After opening a convent in the Himalayas, five nuns encounter conflict and tension — both with the natives and also within their own group — as they attempt to adapt to their remote, exotic surroundings.

 

Okay, so I know this is pretty famous, but on the other hand, I bet only a few people here have seen it. I think I’m reasonably up to speed with older movies, but I confess the first I heard of it was when clips were shown in the 2009 Oscar Memorium for the famous cinematographer Jack Cardiff. I hadn’t heard of the movie (or him, frankly), but the images I saw blew me away.

 

Powell and Pressburger are a famous British writing/directing team: they’re probably best known for THE RED SHOES, and they also wrote and directed another excellent film worth seeking out (among others), THE LIFE AND DEATH OF COLONEL BLIMP. They — working with Cardiff — were early innovators with Technicolor, and their films are lush with color as few films are. 

 

BLACK NARCISSUS is one of the most vivid examples of this. Almost every frame is stunning, not necessarily in the “epic” sense that we take for granted today, but painterly, using color and light to express emotions being felt by the characters.
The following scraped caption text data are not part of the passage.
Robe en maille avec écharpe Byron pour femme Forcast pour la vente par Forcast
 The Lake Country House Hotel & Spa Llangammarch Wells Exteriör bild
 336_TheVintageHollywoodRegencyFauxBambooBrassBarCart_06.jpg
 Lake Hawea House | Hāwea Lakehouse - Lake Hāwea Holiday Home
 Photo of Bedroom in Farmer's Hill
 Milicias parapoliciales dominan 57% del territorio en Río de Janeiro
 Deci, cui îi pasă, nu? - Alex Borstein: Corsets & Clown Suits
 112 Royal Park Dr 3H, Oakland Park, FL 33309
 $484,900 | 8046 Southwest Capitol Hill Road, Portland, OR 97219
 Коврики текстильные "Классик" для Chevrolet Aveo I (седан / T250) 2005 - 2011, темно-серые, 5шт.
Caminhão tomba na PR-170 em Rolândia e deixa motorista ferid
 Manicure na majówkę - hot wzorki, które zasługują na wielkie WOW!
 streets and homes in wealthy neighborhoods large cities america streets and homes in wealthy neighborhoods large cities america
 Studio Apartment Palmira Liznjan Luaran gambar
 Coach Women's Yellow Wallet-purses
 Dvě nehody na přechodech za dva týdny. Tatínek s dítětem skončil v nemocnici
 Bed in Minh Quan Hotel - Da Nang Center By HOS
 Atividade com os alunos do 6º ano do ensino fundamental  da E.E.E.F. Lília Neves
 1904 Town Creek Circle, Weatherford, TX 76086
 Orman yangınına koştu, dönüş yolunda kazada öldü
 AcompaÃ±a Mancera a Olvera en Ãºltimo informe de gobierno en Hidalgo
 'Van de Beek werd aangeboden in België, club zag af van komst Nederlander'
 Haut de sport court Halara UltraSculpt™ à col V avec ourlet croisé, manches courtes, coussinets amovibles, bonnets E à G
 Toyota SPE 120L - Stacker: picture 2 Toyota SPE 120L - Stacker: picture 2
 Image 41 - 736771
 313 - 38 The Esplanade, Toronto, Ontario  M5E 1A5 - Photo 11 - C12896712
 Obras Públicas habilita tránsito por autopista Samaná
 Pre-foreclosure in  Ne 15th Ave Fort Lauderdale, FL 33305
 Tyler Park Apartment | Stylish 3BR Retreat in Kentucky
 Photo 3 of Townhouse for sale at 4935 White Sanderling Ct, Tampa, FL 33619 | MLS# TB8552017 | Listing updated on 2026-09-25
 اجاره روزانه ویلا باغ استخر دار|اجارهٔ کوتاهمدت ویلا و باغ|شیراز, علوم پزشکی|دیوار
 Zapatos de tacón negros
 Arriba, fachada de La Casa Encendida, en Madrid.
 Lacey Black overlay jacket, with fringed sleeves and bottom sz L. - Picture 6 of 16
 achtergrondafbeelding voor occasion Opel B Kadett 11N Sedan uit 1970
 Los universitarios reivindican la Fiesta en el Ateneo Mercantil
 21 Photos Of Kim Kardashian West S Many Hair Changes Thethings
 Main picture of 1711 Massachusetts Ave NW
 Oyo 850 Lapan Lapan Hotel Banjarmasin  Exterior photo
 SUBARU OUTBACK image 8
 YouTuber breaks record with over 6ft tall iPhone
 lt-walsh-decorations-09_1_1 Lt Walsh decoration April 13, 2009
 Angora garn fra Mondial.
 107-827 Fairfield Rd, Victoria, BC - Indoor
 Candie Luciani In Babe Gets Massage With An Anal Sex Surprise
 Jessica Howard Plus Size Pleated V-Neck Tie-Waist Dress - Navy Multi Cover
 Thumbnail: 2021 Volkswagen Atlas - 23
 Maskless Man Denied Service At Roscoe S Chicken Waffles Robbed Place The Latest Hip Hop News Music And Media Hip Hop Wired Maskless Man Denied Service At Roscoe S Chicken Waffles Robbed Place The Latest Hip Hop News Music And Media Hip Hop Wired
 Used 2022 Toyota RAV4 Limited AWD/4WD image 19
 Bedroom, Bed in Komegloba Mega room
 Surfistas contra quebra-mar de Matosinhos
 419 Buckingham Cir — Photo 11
You can examine a still frame and notice color that isn’t there for logical reasons, but fits perfectly for emotional ones (tinges of violet and purple highlights as jealousy floods a person’s gaze). 

 

When you watch this movie, you realize that for all the amazing technical innovations that’ve happened in the last 20-30 years, our films are — for the most part — drabber and use less-interesting color palettes than they did 60-70 years ago.